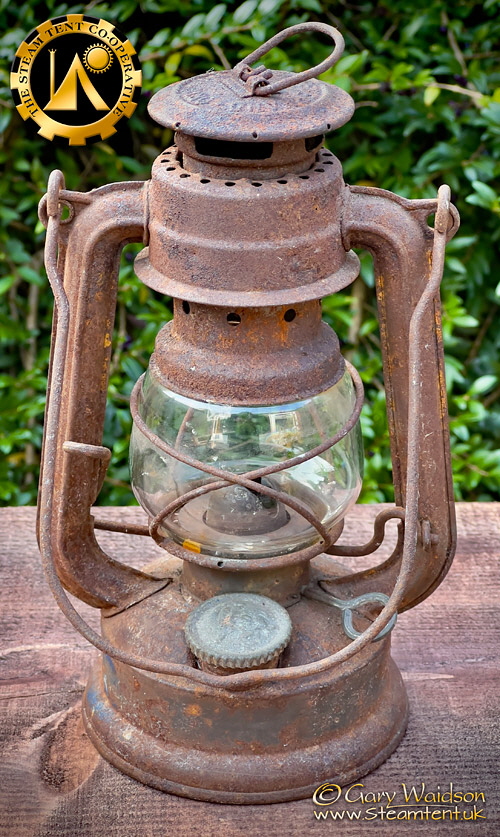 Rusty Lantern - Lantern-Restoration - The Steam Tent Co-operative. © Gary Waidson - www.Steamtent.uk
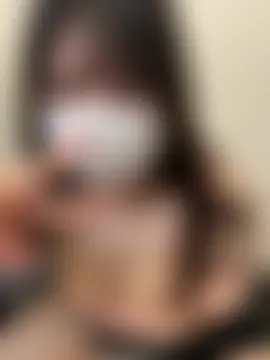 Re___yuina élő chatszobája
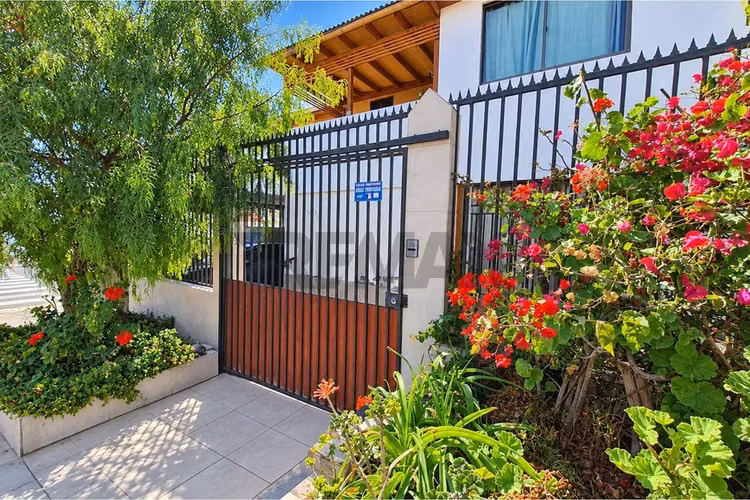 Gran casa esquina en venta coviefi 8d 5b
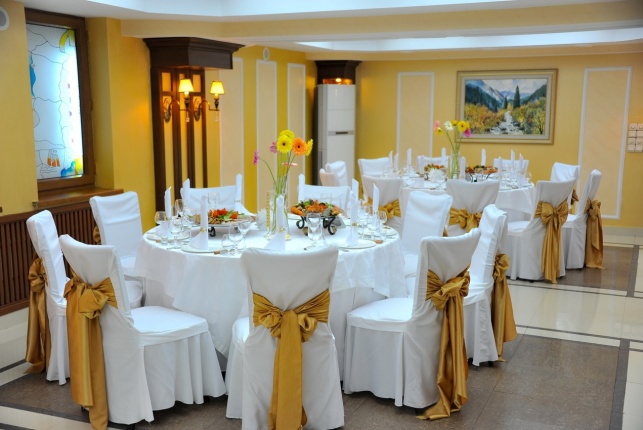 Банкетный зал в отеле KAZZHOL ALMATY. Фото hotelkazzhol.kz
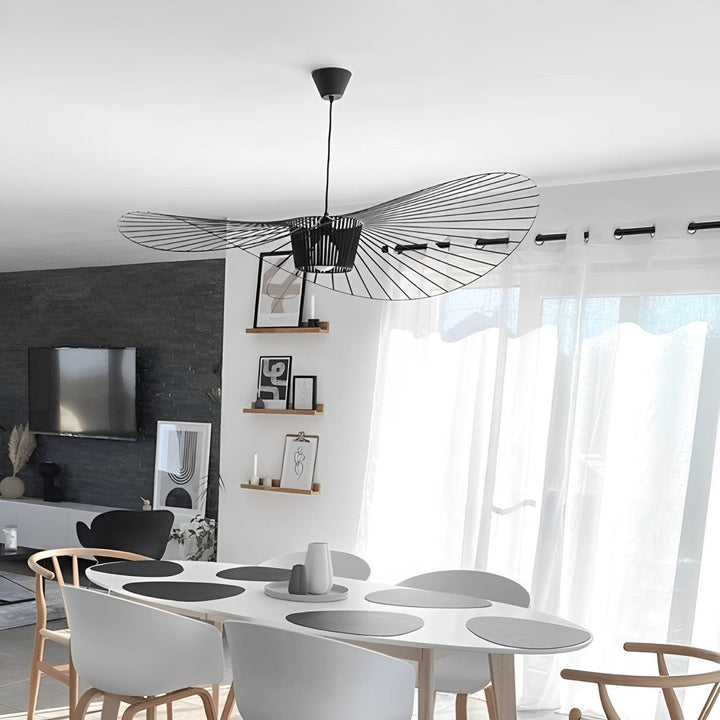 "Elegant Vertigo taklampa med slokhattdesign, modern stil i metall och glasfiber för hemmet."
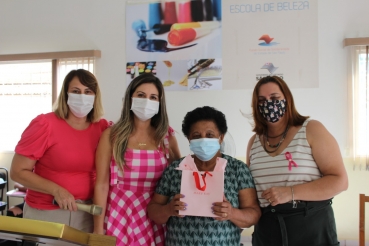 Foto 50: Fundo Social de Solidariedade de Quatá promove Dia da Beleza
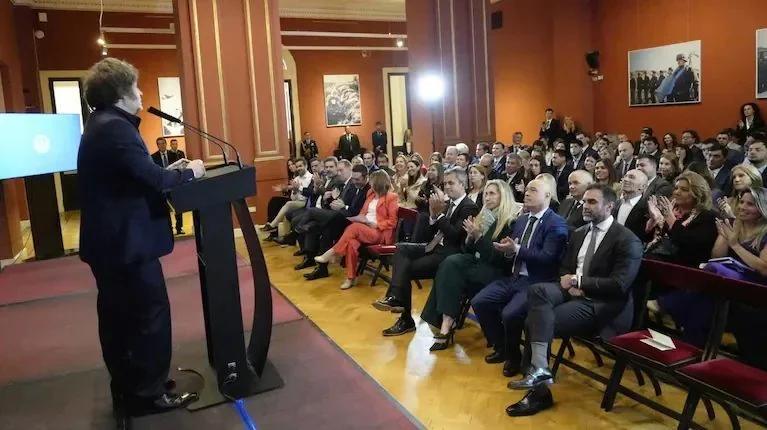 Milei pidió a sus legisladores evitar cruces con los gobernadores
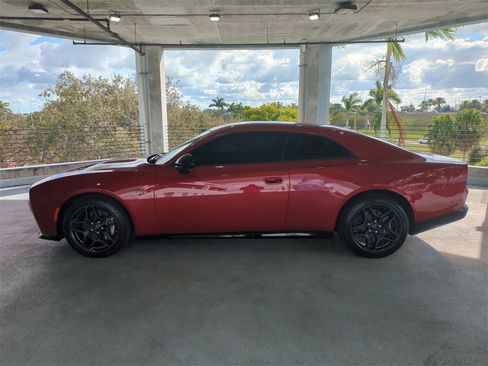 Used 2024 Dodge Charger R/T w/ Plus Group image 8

### YOUR TASK
Please transcribe, with no additions, the lines starting at the one that contains "Vertigo taklampa med" and running through the last line of the entries, inclusive. Leave the pictures out.

### SOLVED PROBLEM
 "Elegant Vertigo taklampa med slokhattdesign, modern stil i metall och glasfiber för hemmet."
 Foto 50: Fundo Social de Solidariedade de Quatá promove Dia da Beleza
 Milei pidió a sus legisladores evitar cruces con los gobernadores
 Used 2024 Dodge Charger R/T w/ Plus Group image 8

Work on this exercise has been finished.